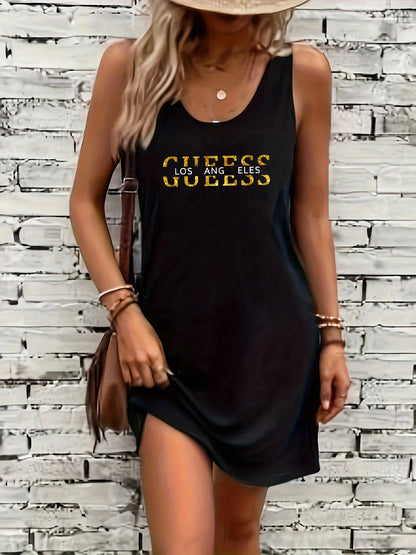 Women's summer loose casual fashion Calvin letter pattern printed vacation punk style mine black sleeveless vest dress
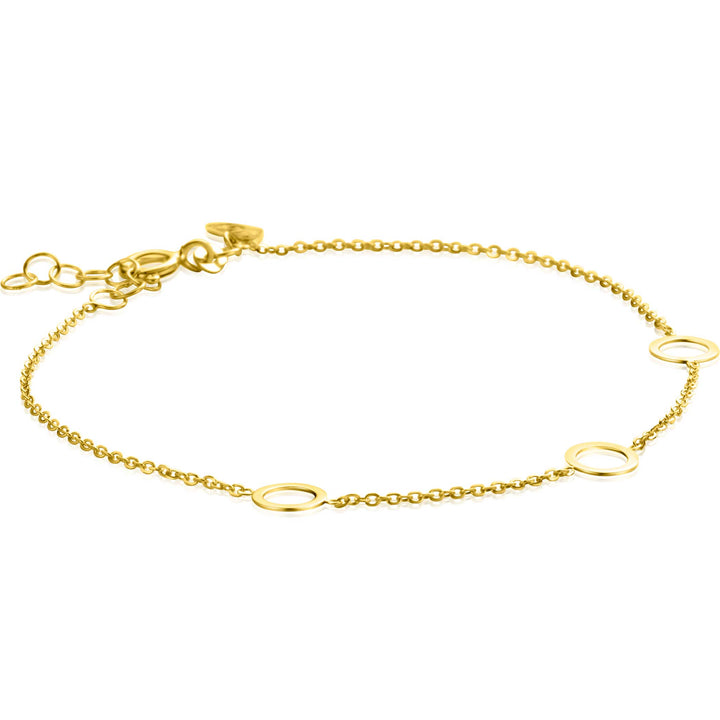 ZINZI Gold 14 krt gouden armband met subtiele jasseron schakels en drie open rondjes 6.5mm breed 18-20cm ZGA445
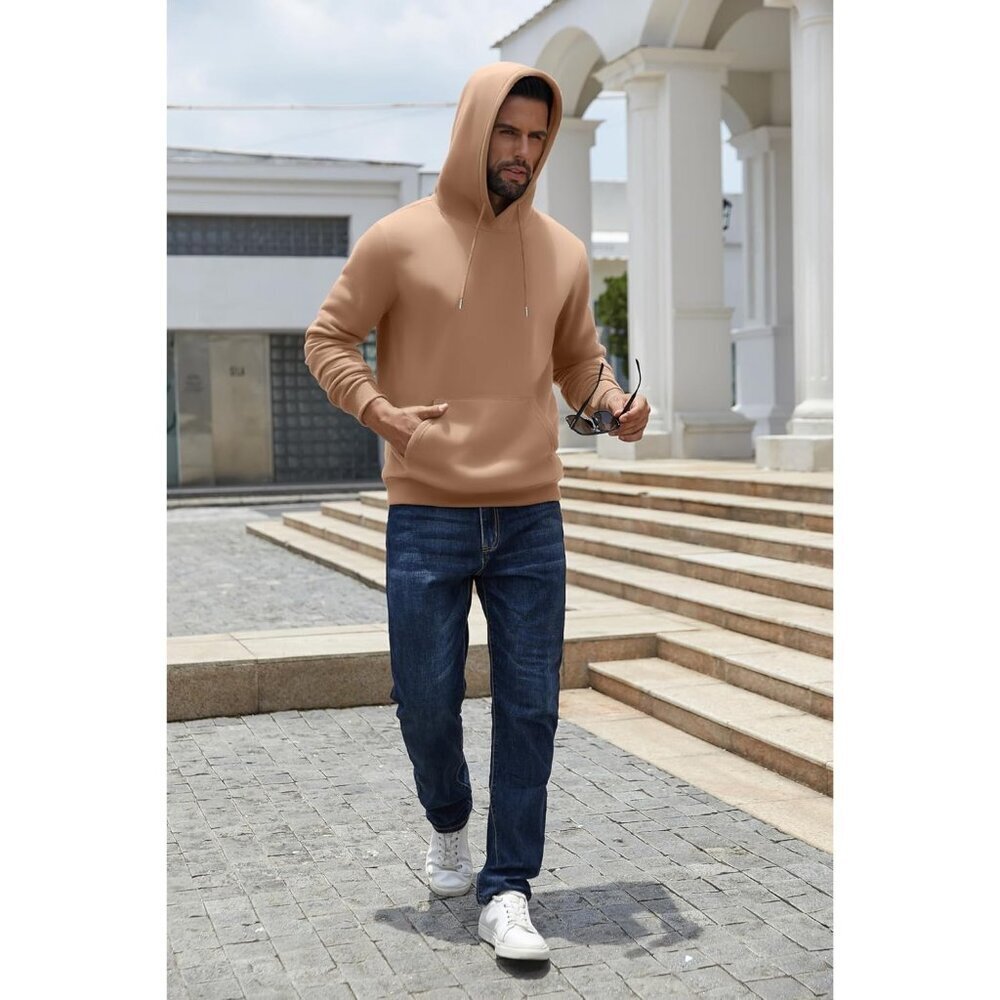Coofandy Men Camel Pullover Fleece Hooded Sweatshirt with Kanga Pocket - Picture 4 of 6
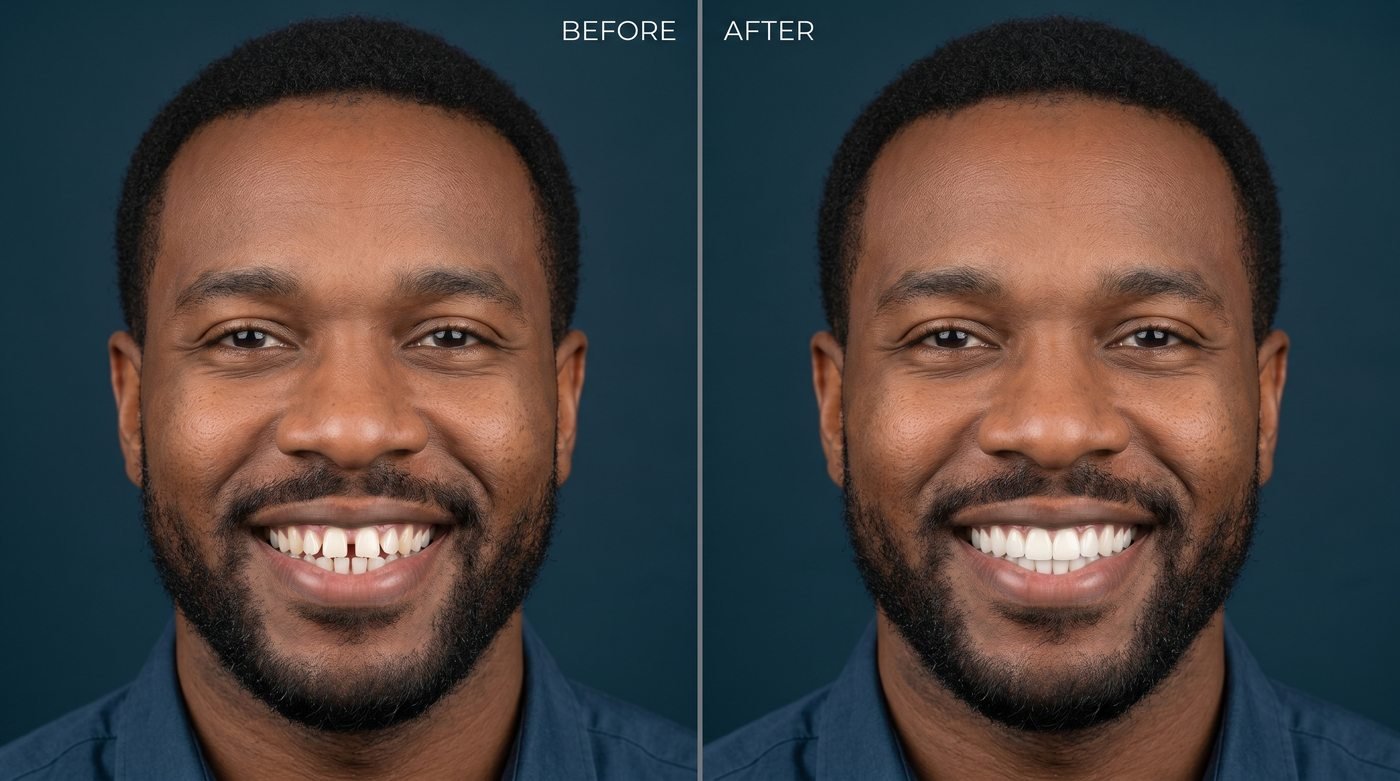 Before and after Invisalign treatment for Black male patient with gap teeth at ID Wellness Dental Newark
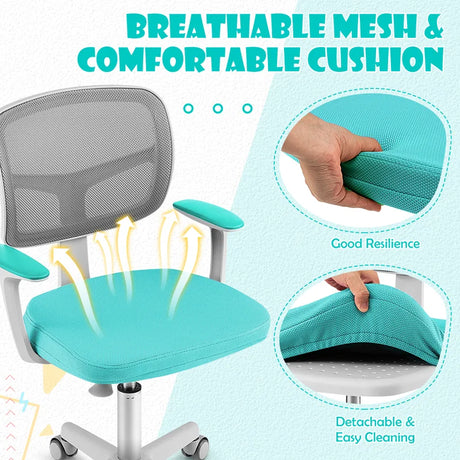 Children&#39;s Desk Chair Children&#39;s Computer Chair with Adjustable Height Turquoise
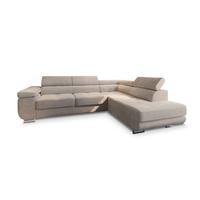 ECKSOFA APIRO R-S Beige Kordstoff mit Schlaffunktion - Beige/Silberfarben, Holz/Textil (276/202cm) - MASSENO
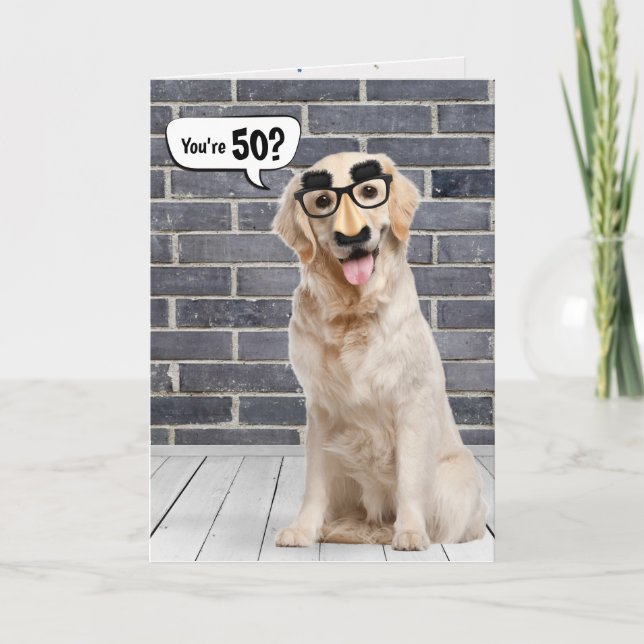 50th Birthday Funny Golden Retriever Card (Front)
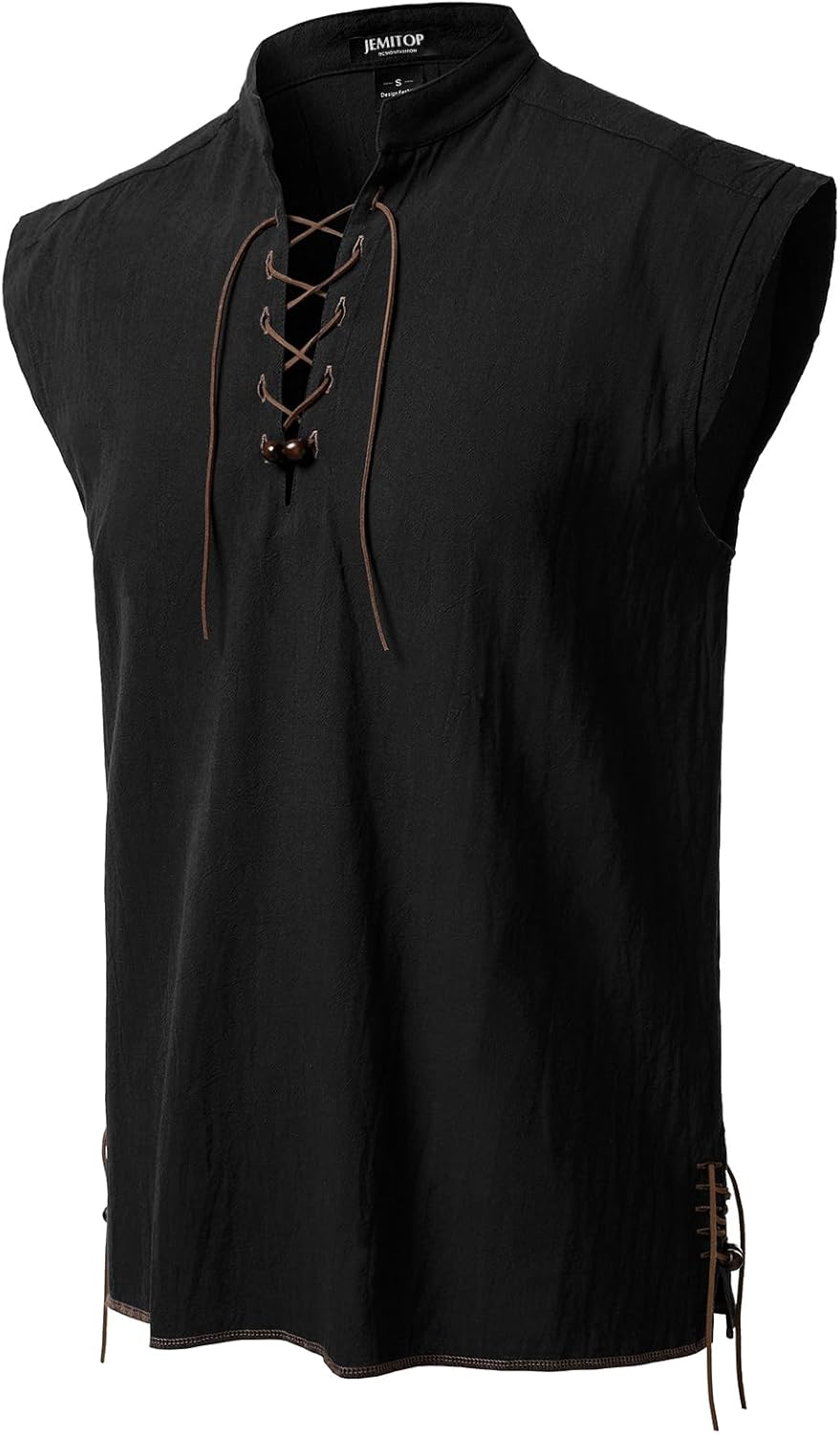 JEMITOP Men's Retro Pure Cotton Lace Up Sleeveless Shirts for Pirate Renaissance Medieval Viking Costume
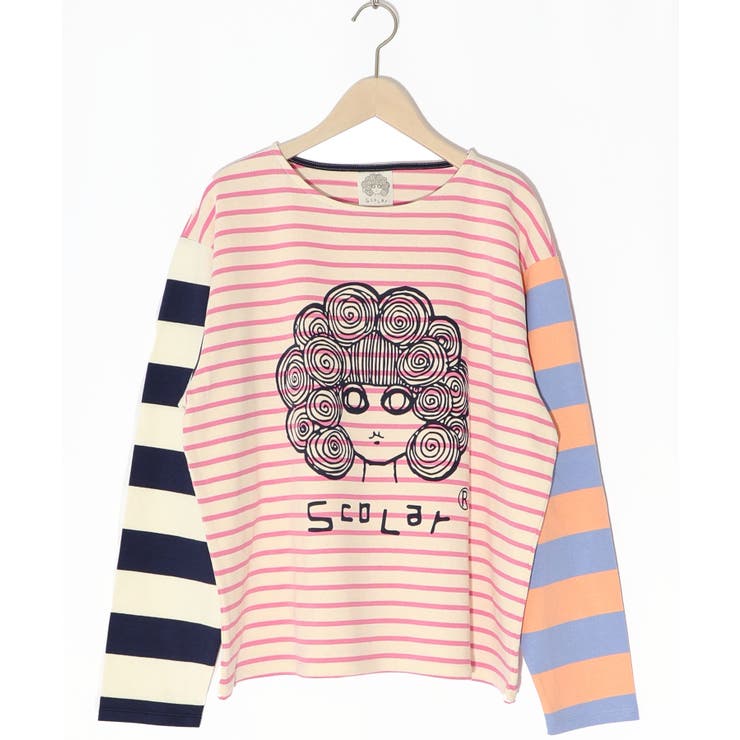 スカラーちゃんボーダー切替ロングスリーブTシャツ[品番：SRSW0000018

# What the task asks
Copy out the entries exactly. No pictures.

# Result of the task
 Women's summer loose casual fashion Calvin letter pattern printed vacation punk style mine black sleeveless vest dress
 ZINZI Gold 14 krt gouden armband met subtiele jasseron schakels en drie open rondjes 6.5mm breed 18-20cm ZGA445
Coofandy Men Camel Pullover Fleece Hooded Sweatshirt with Kanga Pocket - Picture 4 of 6
 Before and after Invisalign treatment for Black male patient with gap teeth at ID Wellness Dental Newark
 Children&#39;s Desk Chair Children&#39;s Computer Chair with Adjustable Height Turquoise
 ECKSOFA APIRO R-S Beige Kordstoff mit Schlaffunktion - Beige/Silberfarben, Holz/Textil (276/202cm) - MASSENO
 50th Birthday Funny Golden Retriever Card (Front)
 JEMITOP Men's Retro Pure Cotton Lace Up Sleeveless Shirts for Pirate Renaissance Medieval Viking Costume
 スカラーちゃんボーダー切替ロングスリーブTシャツ[品番：SRSW0000018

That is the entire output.